A restaurant in the Arkansas home of Walmart makes the best poutine, declares a food critic for the Arkansas Democrat-Gazette.
In "Getting Piggy in Bentonville", Philip Martin visits Tusk & Trotter, an "American Brasserie" from chef Rob Nelson in Sam Walton's former general office and warehouse. After a few droll remarks about Bentonvile - "it's easy to get the feeling that this part of Bentonville isn't exactly a real place -- it feels more like a Disney-erected simulacrum of a more Low Midwestern than High Southern farming town" - Martin tests the restaurant's take on the bellwether dish from la belle province.
Speaking of foods that some might deride as declasse, the absolute star of our evening was Tusk & Trotter's version of poutine, the French-Canadian gravy and cheese curd over fries concoction served in dive bars and bowling alleys all over Quebec. Seeing how people can become futbol experts by watching the highlights of the U.S.-Germany match on Sports Center, it's appropriate that -- by virtue of a 2013 trip to Montreal in which I sampled a couple of the local versions and found them unnervingly comforting -- I declare myself a connoisseur of poutine. And I can state unequivocally that T&T's poutine ($18.95) is the best I've ever had.

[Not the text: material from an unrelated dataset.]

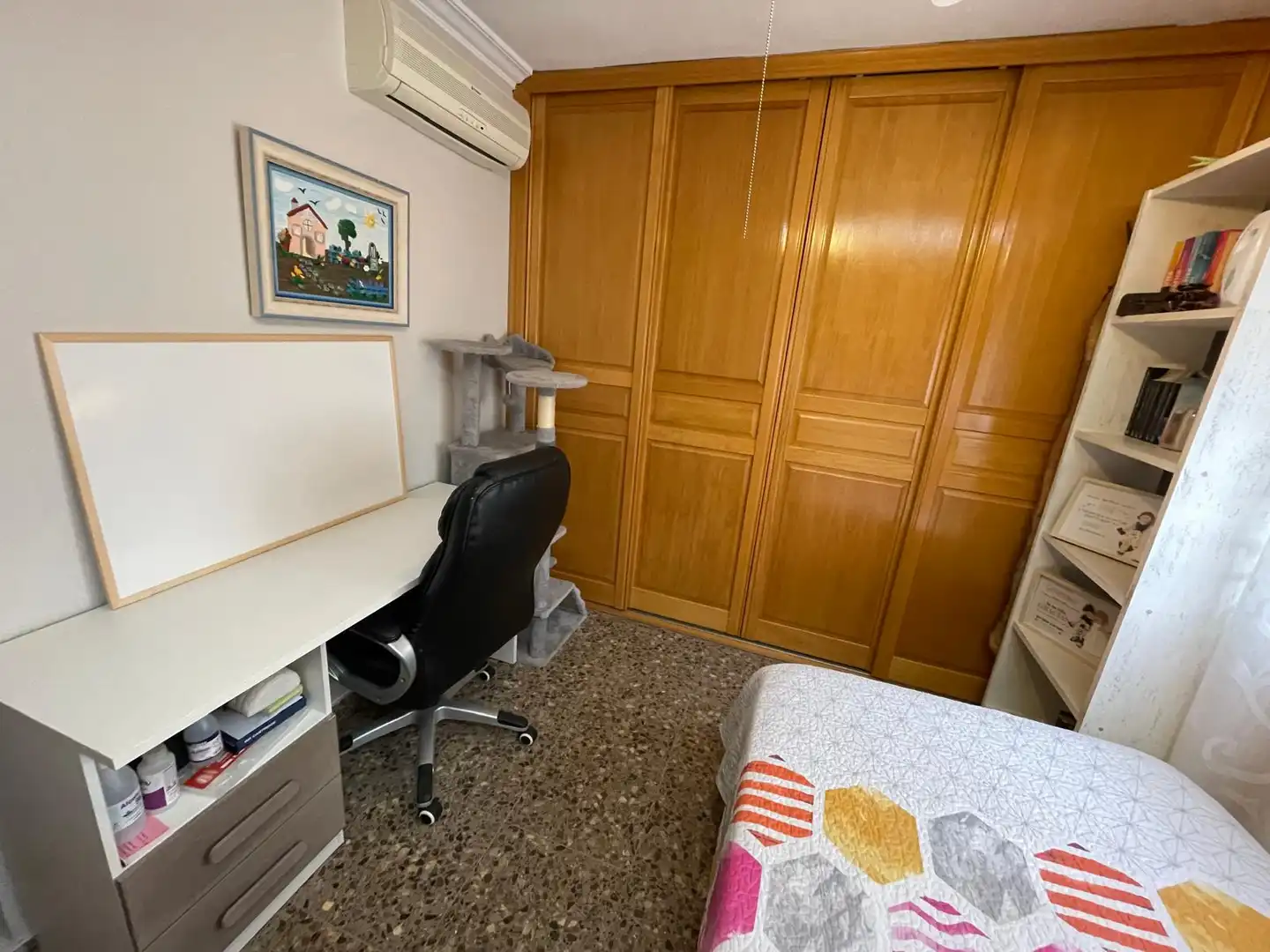 Dormitori de Pis en venda en Manises amb Aire condicionat, Terrassa i Balcó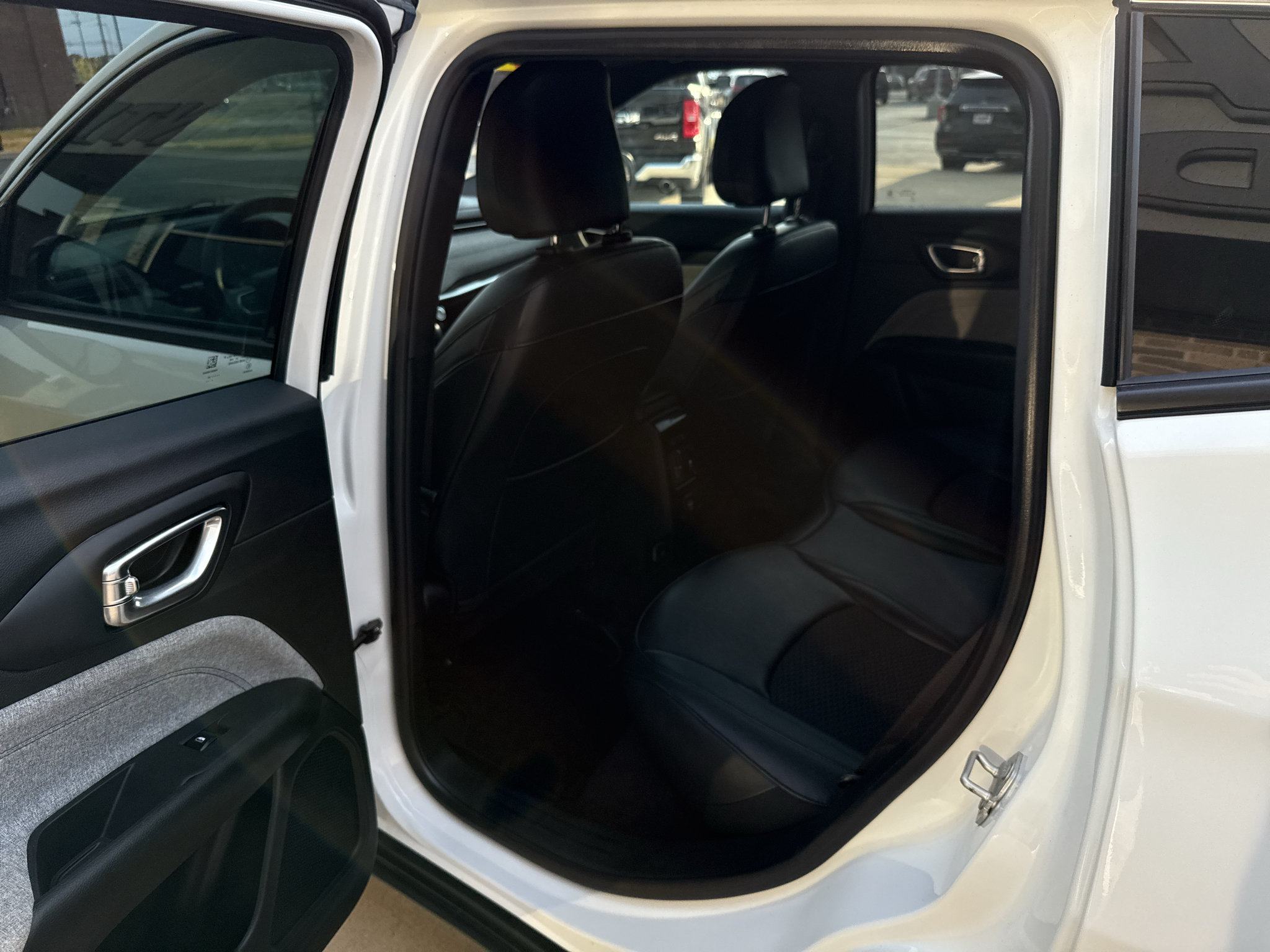 Used 2024 Jeep Compass Latitude AWD/4WD image 17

Tusk & Trotter's poutine, however, calls to mind this BuzzFeed lament from 2013 - "Why Can't America Get Poutine Right?" - in that it seeks to improve upon a dish that needs no improvement and, moreover, is not poutine.
To wit, chef Nelson's "poutine" is "based on meatloaf of Angus beef and sausage, topped with pate gravy, tomatoes, green onions and 'herbed' feta cheese served over pommes frites."
[Photo: Adrienne B.]
In another pronouncement antithetical to the casse-croûte classic, Martin adds that "there are delicate and discrete layers of piquancy and spice apparent in each bite." Nary a reference to squeaky curds.
To the Yelpers.
· "I had the Poutine. I had no clue what that was. It was the best meatloaf served over great fries with a gravy poured over everything." - Josh C.
· "They make three varieties of fries. We had the basic fries which were excellent. Went back the following evening and had the Poutine (meatloaf) and Chicken & Waffles." - Jill J.
· "Think you don't like meatloaf? Then you have never tried the poutine at the Tusk & Trotter in Bentonville, AR. It's everything you think meatloaf isn't. Flavorful with garlic, pepper, and other spices. Perfectly cooked, not dry at all. Served with perfectly cooked pommes frites. Calling this meatloaf should be a crime." - Chuck U.
Calling this poutine should be a crime as well.